Distributed databases utilize materialized views to pre-compute expensive aggregations and join queries. However, maintaining view consistency under high-frequency writes incurs substantial synchronization latency. In this paper, we present an asynchronous, transactionally consistent refresh engine powered by WAL-based log parsing and lock-free event pipelines.

Background & Problem

Materialized views must be refreshed when their base tables change. There are two primary refresh strategies:

  1. Immediate Refresh: Refreshes the view synchronously within the user’s transaction. This degrades write latency and creates database locks.
  2. Deferred Refresh: Updates the view periodically or on-demand. This introduces read staleness and consistency issues.

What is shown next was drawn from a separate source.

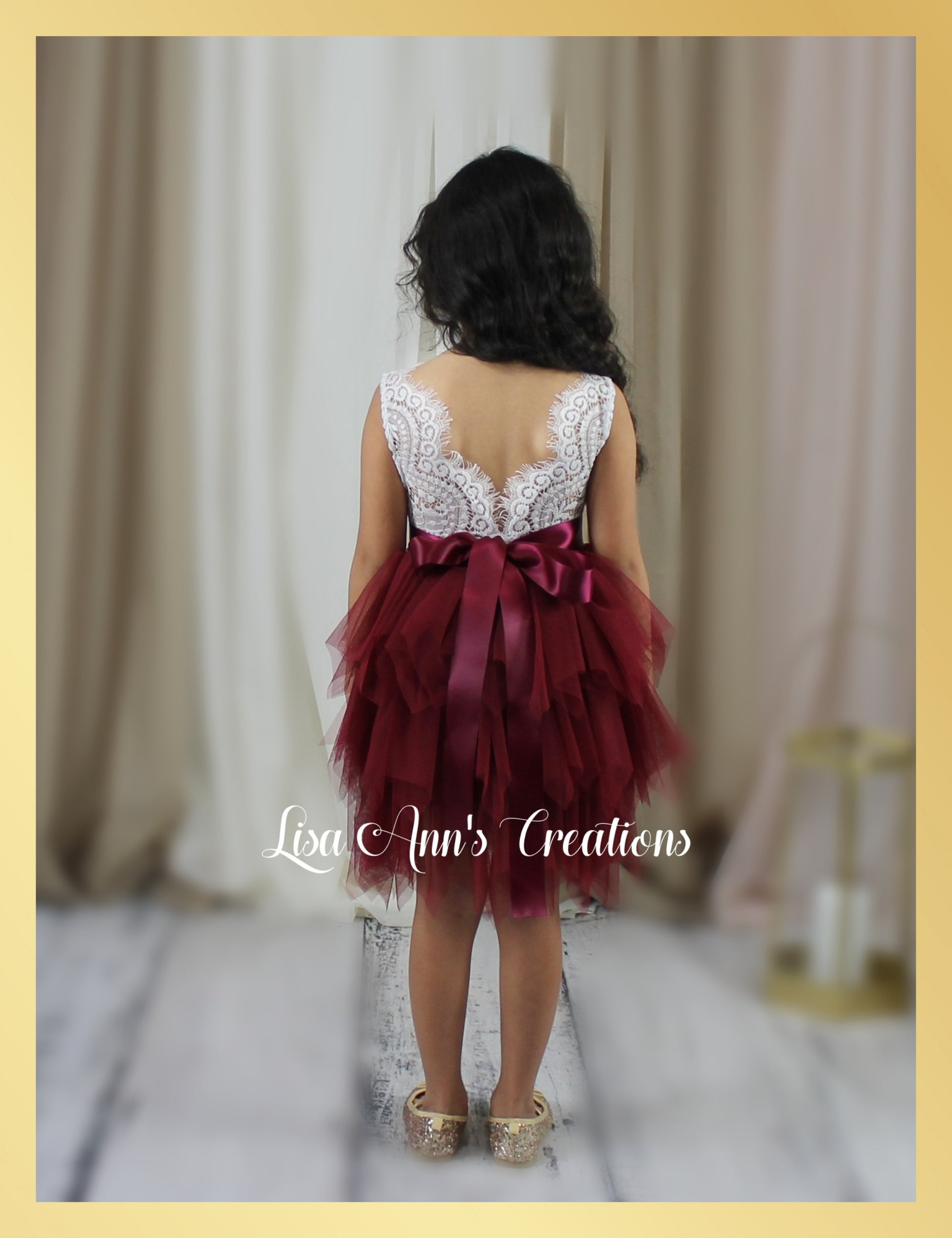 flower girl dress in burgundy for a special occasion dress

In high-throughput systems, neither approach scales well under thousands of writes per second. We require a streaming asynchronous system that updates base table changes within milliseconds while remaining transactionally correct.


Log-Structured Refresh Engine

To solve this, we design a log-structured view refresh scheduler. The pipeline is divided into three asynchronous layers:

1. Write-Ahead Log (WAL) Parser

We intercept raw transactions directly from the database’s Write-Ahead Log. By parsing log records off-thread, we completely bypass query engine parsing overhead and base table locks.

2. Lock-Free Delta Aggregation

Parsed changes are emitted as delta streams into ring-buffer structures. We aggregate delta updates (e.g. COUNT, SUM, AVG) in-memory using lock-free hash tables, grouping updates by the view’s primary keys.

package refresh

import (
	"sync/atomic"
)

type ViewDelta struct {
	Key   string
	Count int64
	Sum   int64
}

// AccumulateDelta updates a view record atomically without global mutex locks.
func AccumulateDelta(delta *ViewDelta, countVal, sumVal int64) {
	atomic.AddInt64(&delta.Count, countVal)
	atomic.AddInt64(&delta.Sum, sumVal)
}

3. Batched Flush Engine

Accumulated deltas are flushed to the materialized views in batch transactions, minimizing disk commit cycles and base table conflicts.


Evaluation

We benchmarked our engine under a simulated base table write workload of 50,000 operations per second.

  • Traditional Deferred Refresh: Led to disk I/O bottlenecks and transaction queues.
  • Log-Structured Async Refresh: Maintained materialized view freshness with a median delay of 8.2ms while introducing 0% query lock overhead to the base table transactions.